Je vais expliquer le côté technique de la recherche sémantique.
Comment cela fonctionne réellement :
- Texte → Vecteur - Le contenu devient des nombres (embeddings)
- Vecteurs dans l’espace - Contenus similaires = vecteurs proches
- Requête → Vecteur - Votre question devient des nombres
- Recherche de similarité - Trouver les vecteurs de contenu les plus proches
L’idée clé :
“Meilleures chaussures de course pour marathon” et “top chaussures pour courses de longue distance” ont des mots DIFFÉRENTS mais des vecteurs SIMILAIRES.
L’IA trouve les deux quand vous cherchez l’un ou l’autre.

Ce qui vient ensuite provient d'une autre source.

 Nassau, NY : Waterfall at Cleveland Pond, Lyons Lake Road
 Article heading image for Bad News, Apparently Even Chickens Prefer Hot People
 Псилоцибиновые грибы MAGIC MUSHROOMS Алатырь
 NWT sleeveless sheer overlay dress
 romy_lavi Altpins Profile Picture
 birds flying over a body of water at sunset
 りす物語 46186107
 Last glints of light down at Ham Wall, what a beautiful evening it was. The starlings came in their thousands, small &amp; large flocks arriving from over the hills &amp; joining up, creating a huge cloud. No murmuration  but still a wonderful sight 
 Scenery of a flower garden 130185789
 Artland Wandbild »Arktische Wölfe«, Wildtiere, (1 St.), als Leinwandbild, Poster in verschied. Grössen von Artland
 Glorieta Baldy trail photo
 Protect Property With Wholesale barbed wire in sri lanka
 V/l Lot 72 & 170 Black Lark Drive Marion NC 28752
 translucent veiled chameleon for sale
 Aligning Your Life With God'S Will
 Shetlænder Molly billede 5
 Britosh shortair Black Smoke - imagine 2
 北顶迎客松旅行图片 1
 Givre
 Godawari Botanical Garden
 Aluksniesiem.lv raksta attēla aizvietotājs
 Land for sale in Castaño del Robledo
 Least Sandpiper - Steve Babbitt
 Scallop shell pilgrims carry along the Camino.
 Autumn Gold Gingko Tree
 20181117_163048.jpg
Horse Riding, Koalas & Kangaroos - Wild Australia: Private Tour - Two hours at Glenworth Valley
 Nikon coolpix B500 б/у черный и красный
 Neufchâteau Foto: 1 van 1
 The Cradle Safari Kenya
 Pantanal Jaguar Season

Ce que cela signifie pour le contenu :
La densité de mots-clés est sans importance. Ce qui compte :
- Couverture complète du sujet
- Concepts liés mentionnés
- Relations d’entités claires
- Langage naturel (pas de bourrage de mots-clés)
Architectures de modèles :
BERT, GPT et autres transformers comprennent le contexte de manière bidirectionnelle. Ils savent que “Apple” dans un contenu technologique désigne l’entreprise, pas le fruit.
Le contexte est primordial en recherche sémantique.